Maire welcomes the WCC Nadi Declaration. "It was like a mother giving birth – quite painful but the baby was beautiful. It's a commitment stating that the churches should emphasise a caring role and participate in the fight against HIV."
Edward Cowley (pictured right) is the Auckland-based Pacific Peoples Project educator for the New Zealand AIDS Foundation (NZAF). A Samoan man, he has close family links with churches. "About 95 percent of Pacific people in New Zealand go to church, and whatever they say goes. Pacific people don't question what the church says so church leaders are in a good position to release information that could really help people.
"We need to let it become more of a health issue than a moral issue. It's not a one-sided thing about sin, morality and HIV."
NZAF communication co-ordinator Steve Attwood says the reluctance of Pacific Island communities in New Zealand to talk about sex, and especially homosexuality, means the foundation needs to vary its usual approach.
"Often what's required is education of the whole community because it's not safe to try to draw the gay men out and identify them. With white male groups, you can be explicit and hard-hitting with safe sex messages but we can't do that. We have to work very carefully," he says.
Steve is loath to call the anti-gay feeling among Pacific communities cultural. "It's not cultural, it's a by-product of colonialism. Those cultures had a much more open attitude towards sexuality before colonisation."
Steve refers to the Samoan and wider Pacific tradition of fa'afafine – boys and men who dress as women. Fa'afafine are accepted and even embraced in traditional society.

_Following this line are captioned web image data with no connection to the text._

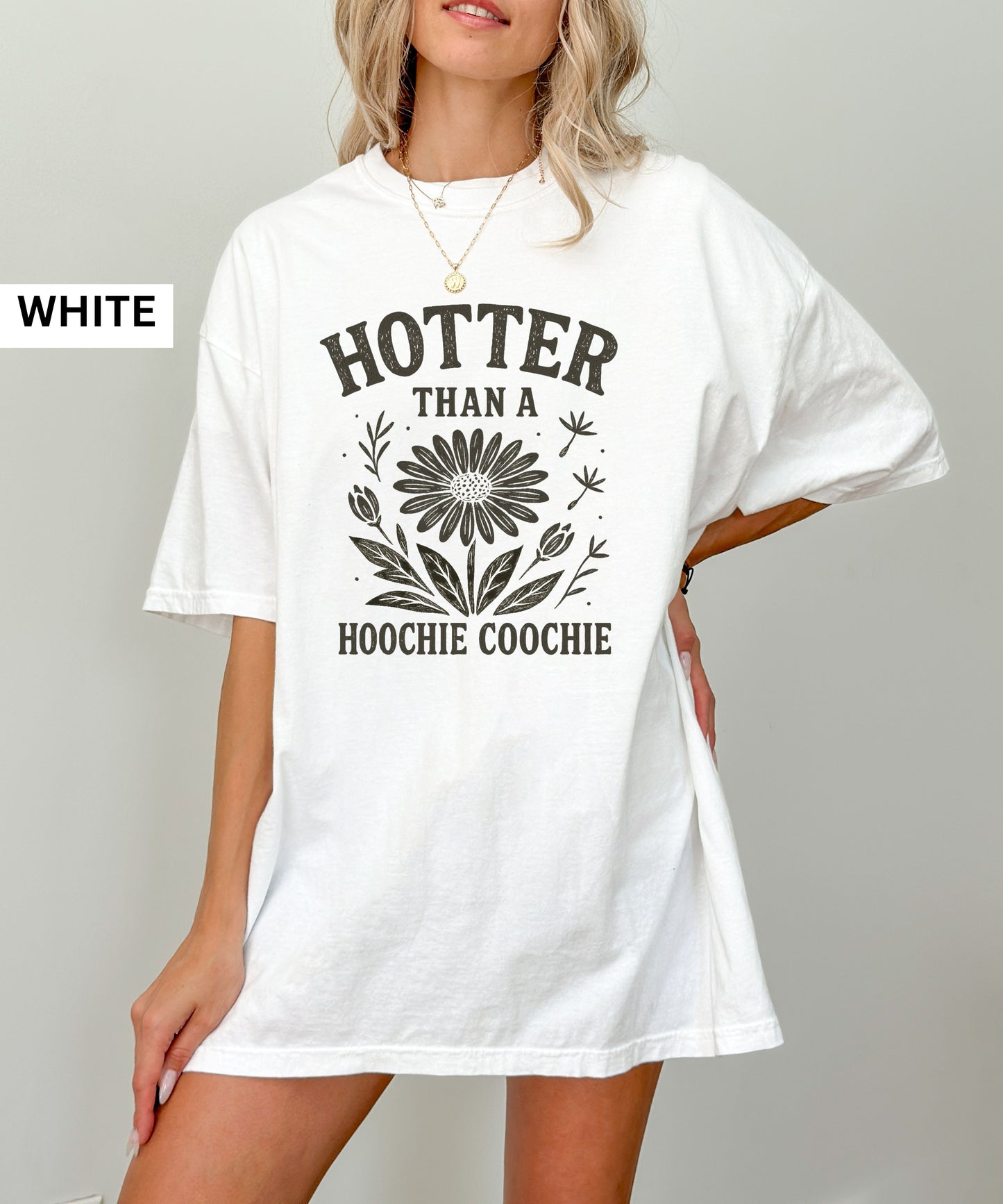 Sunflower Summer Comfort Colors® Tee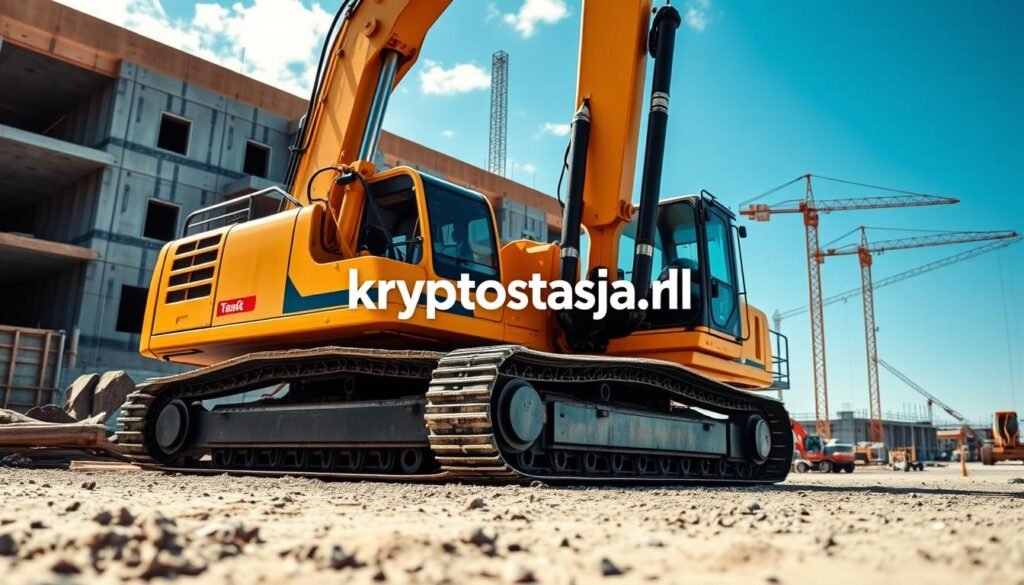 koparki gąsienicowej koparki gąsienicowej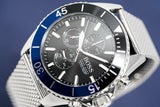 Hugo Boss Ocean Edition Black Dial Silver Mesh Strap Watch for Men - 1513742 Buy Now By Hugo Boss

Fijian Methodist minister Dr Ilaitia Tuwere teaches at St John's Theological College in Auckland. He draws a line between embracing fa'afafine and condoning homosexuality. "Fa'afafine are given space and place in the community but to move from that and express it in sexual terms – it's not on."
Iliatia says Pacific churches frown on the ordination of gays and lesbians and don’t support legislation such as the Civil Union Bill. But he does see a role for the churches in raising awareness of HIV/AIDS.
“It's new to our people. There's an open mind on the part of the church about addressing it, about raising awareness, educating people and helping them understand the extent of the problem." He says the church also has a role in caring for affected people both in New Zealand and in the Pacific.
Pacific issues inevitably wash onto New Zealand shores. NZAF's Steve Attwood says Auckland is the world’s biggest Polynesian city and New Zealanders have many tourism and cultural links with Pacific countries. So the Pacific Islands are a huge community of concern "physically, financially and emotionally".